# Green Water Still :(



## SonicDark (Apr 30, 2003)

What I have:

-40 gallon Eclipse tank
-New filter on the tank
-3 4 month old Ps
-1 pleco

So here's what I've done to stop it:

-30-40% water changes every week
-No sunlight or light of any kind in the tank at all
-Bought and used algee destroyer 2000 liquid stuff 
-Bought 2 more pleco's and a mystery snail

Anymore ideas?


----------



## akio525 (Sep 4, 2003)

Just try waiting a bit longer to see if the things helped. One thing you can add to your tank but is expensive is a uv sterilizer but I would try and avoid spending 100$ for one.


----------



## tecknik (Jul 18, 2003)

Good idea akio525. Those uv sterilizers work very well and if you dont mind dropping extra cash on it.


----------



## SonicDark (Apr 30, 2003)

bump


----------



## 14_blast (Oct 6, 2003)

Sonic, how's your tank now? did you get the UV sterilizer?


----------



## Lahot (May 20, 2003)

plecos and snail aren't going to suck in green water, they help with algae on the glass or ornaments, but not sucking it out of the water.

Have you wrapped the tank in something so that it gets absolutely no light? if not try that

otherwise drain it to the bottom and start over.


----------



## SonicDark (Apr 30, 2003)

I didn't get the UV Sterilizer yet

I'm at UCLA right now, going home tomorrow for the day so I'll try it then

I'll see how bad the water is with another water change and wrapping the entire thing in a plastic bag


----------



## Lahot (May 20, 2003)

SonicDark said:


> I'll see how bad the water is with another water change and wrapping the entire thing in a plastic bag


 I don't think any green plant can live without light, the only time I've seen the "wrap the bag in plastic" done it totally wiped out the algae in less than 48 hours.

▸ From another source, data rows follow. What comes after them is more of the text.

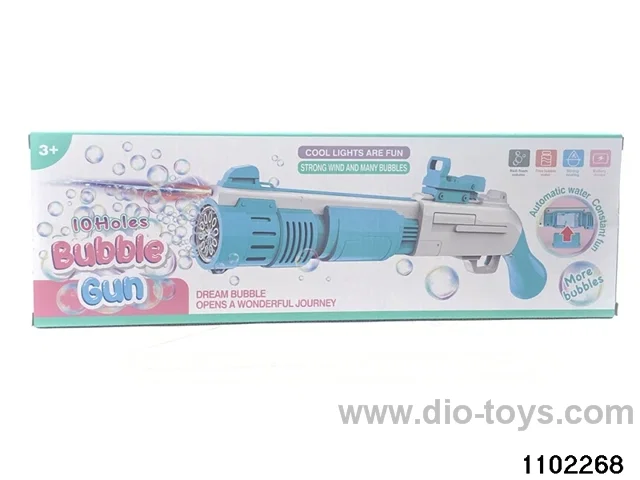 bubble gun in color box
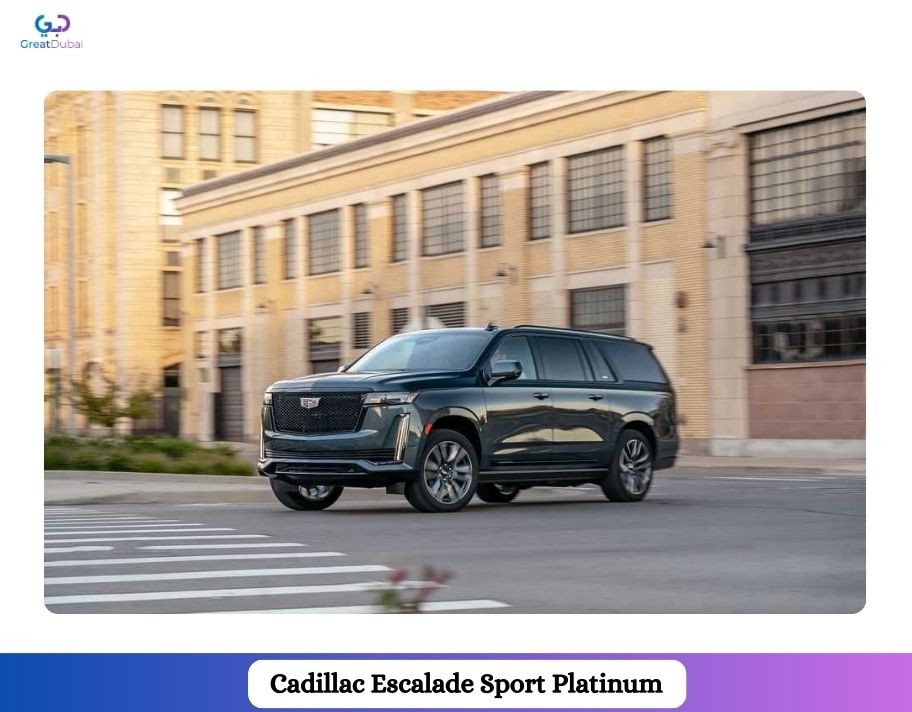 2022 Cadillac Escalade Sport Platinum - Brand New - GCC (FM-1590)-image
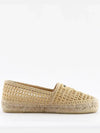 Logo Raffia Flat Espadrilles Beige - PRADA - BALAAN 6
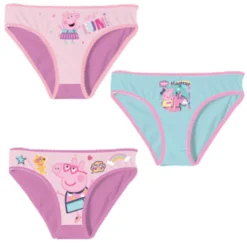 Peppa Wutz Unterhose Slip 3-er Pack Peppa Pig Kinderunterwäsche Gr. 92-128 Cm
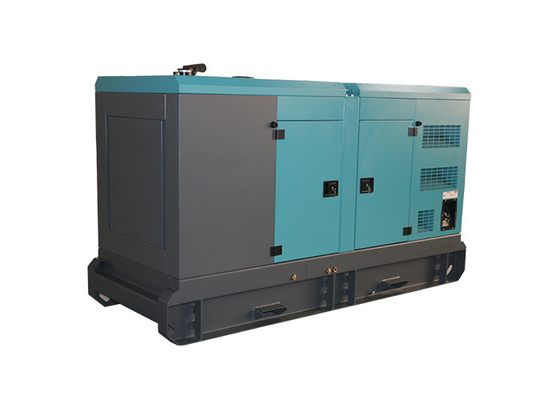 เครื่องกําเนิดไฟฟ้าดีเซลสามเฟส 50kw Cummins เงียบ Type 63kva เสียงต่ํา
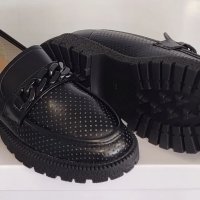 Модни дамски обувки лоуфър модел: 3731-1 black, снимка 3 - Дамски ежедневни обувки - 40448385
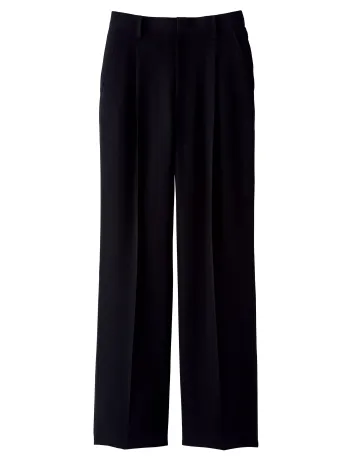ハネクトーン 9863 パンツ CounterBiz Plus+ 9863 ブラック パンツ美しいシルエットと動きやすさを兼ね備えたCounterBiz Plus+シリーズのブラックパンツ。深みのある漆黒と端正なラインが、洗練された印象を際立たせます。環境配慮型の高品質素材RENU®ダブルサテンを使用し、サステナブルな装いも実現。特徴・脚長効果を引き立てるセンタープレス入りのストレートライン・上品な光沢としなやかさが魅力のRENU®ダブルサテン素材を採用・長時間の着用でも疲れにくいストレッチ性と軽快な履き心地・バックスタイルも美しく仕上げるベルトループ付き・ジャケット（9198-8、9199-8）と合わせてエレガントなセットアップに仕様・品番:9863-8・カラー:ブラック・サイズ:5号・7号・9号・11号・13号・15号・17号・19号※この商品は股下フリーのため、着用するには丈詰めが必要です。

If I knew this a year ago I'd still have my original frontosas and wouldn't just be starting over now, good luck


----------



## SonicDark (Apr 30, 2003)

I've been keeping the tank without light and I'm back home

The tank looks better but I'm going to wrap it in a garbage bag till Wednesday when I come home next for Thanksgiving

They have enough feeders in there to keep them entertained..


----------